The Doctor Who Drank Infectious Broth and Solved a Medical Mystery (2010)
17 comments
·January 29, 2025jiehong
Had a fun time parsing the title as unrelated to The Doctor at first
I am grateful for doctors like them, and for the results they bring, even if the methods can be discussed.
ben30
Yeah I thought it was about a Matt Smith, 11th doctor recap, the word broth sounds vaguely mystical.
camtarn
The mystery being 'what causes ulcers', and the answer being Helicobacter pylori instead of stress.
Retric
He discovered an effective treatment for many ulcers, but the older one also tended to work.
Stress harms the immune system so people who dramatically reduced stress often showed significant improvement. One of those it’s better than a placebo treatments where the method of action was poorly understood.
thomasfedb
The previous dogma being that no bacteria could survive in the acidic conditions (pH ~2) of the stomach.
throw83489448
Nice, but most people have some helicobacter without much problems. Some ulcers are not even caused by helicobacter.
chgs
Did not include David Tennant
Why are all those words capitalised?
CoastalCoder
Other acceptable answers are "Christopher Eccleston" and "Tom Baker".
thomasfedb
Studied at the home University of this Nobel prize winner. Was a good bet you’d get a question on it in the exam every year.
refurb
A great example of scientific dogma being overturned.
Dr Marshall was ridiculed as it was “settled science” that bacteria couldn’t survive in stomach acid.
Great example to bring up when people tell you to “trust the science”. Remind them at one time “science” said stress caused ulcers.
jmcgough
I agree that it's good to be critical of science, but it is also good to be critical our own existing beliefs when they conflict with 95% of the scientific community. For every story like this one, there's a hundred thousand people who are convinced that the world is flat based on YouTube videos that feed their confirmation bias, or poorly designed studies that they lack the academic background to know are poorly designed.
bell-cot
To paraphrase Feynman:
"Settled science" is nothing resembling a homogeneous body of certainty. It's a huge, chaotic mish-mash - of everything from actual rock-solid results, to "it sound reasonable at some point...then human nature took over" baloney. Everybody <cough/>knew<cough/> the latter, so nobody ever carefully checked.
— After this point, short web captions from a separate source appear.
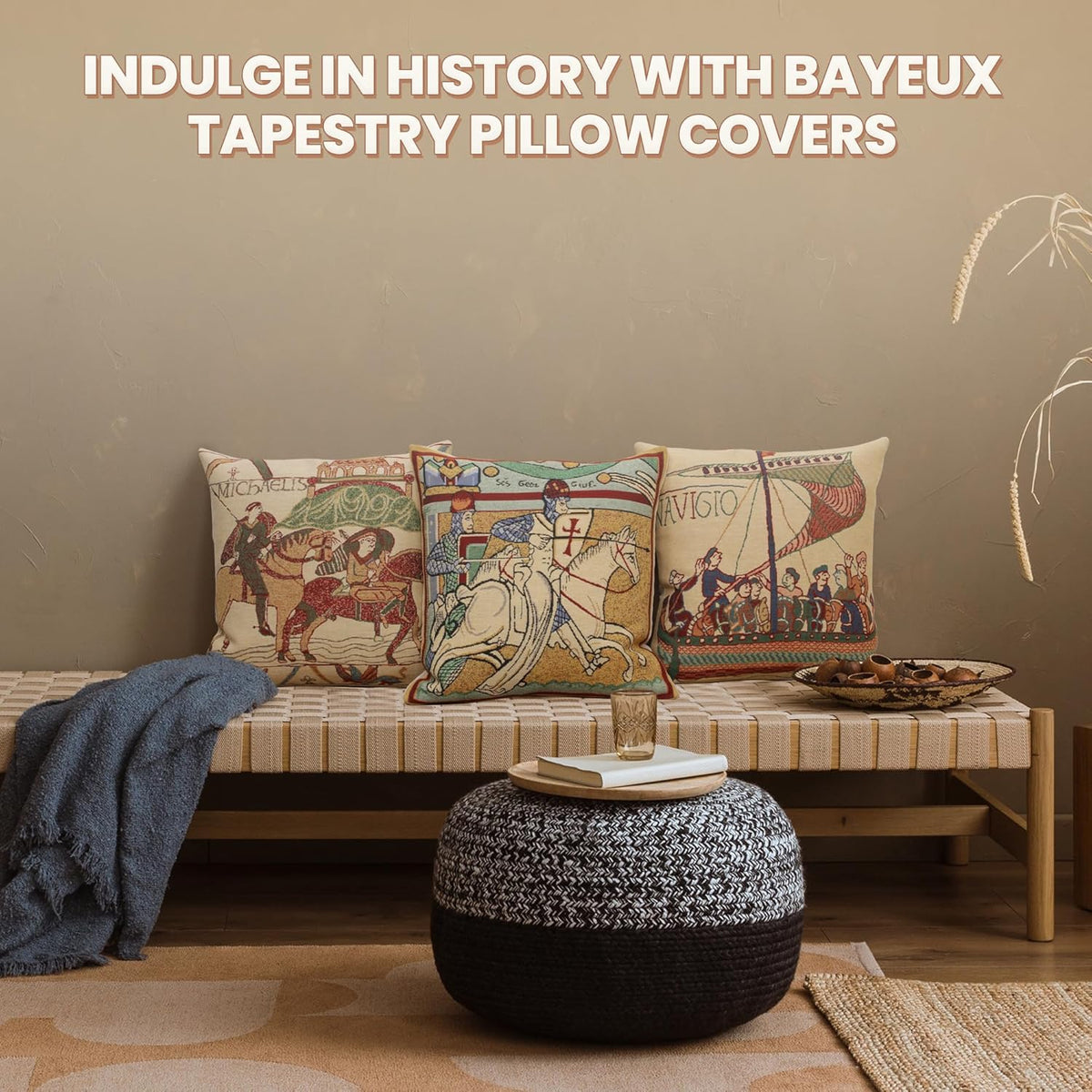 Charlotte Home Furnishings Bayeux Mare Throw Pillow Cover 16" x 16" – Medieval Ship Decorative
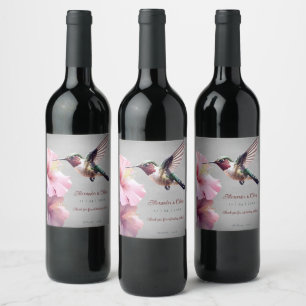 Hummingbird and Hibiscus Wedding   Grey Wine Label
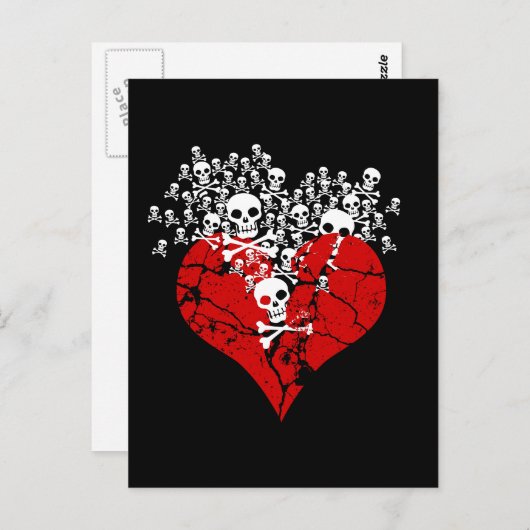 Gebroken hart met schedels briefkaart (Voorkant / Achterkant)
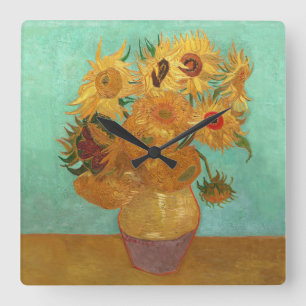 Horloge Carrée Vincent Van Gogh Douze Tournesols Dans Un Vase
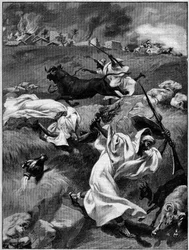 Massakrerna i Touat (Nordafrika). Gravyr i "La Terre Illustree" nr 54 av den 12 november 1891.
And the worst part? Even long-tenured experts, specializing in the specific scientific niche, seldom know how certain their various facts actually are.
Dalewyn
Science is predicated on healthy skepticism, especially if something has fervent support. Anyone who argues that science is "settled" or that it should be "trusted" is a priest trying to evangelize, not a scientist.
That healthy skepticism likely won't cause any paradigm shifts in most cases, of course, but the point here is that is no reason to surrender the skepticism.
The slight pause as your brain parses this headline really shows why it makes no sense to have capitalization like this in headlines. It just adds ambiguity.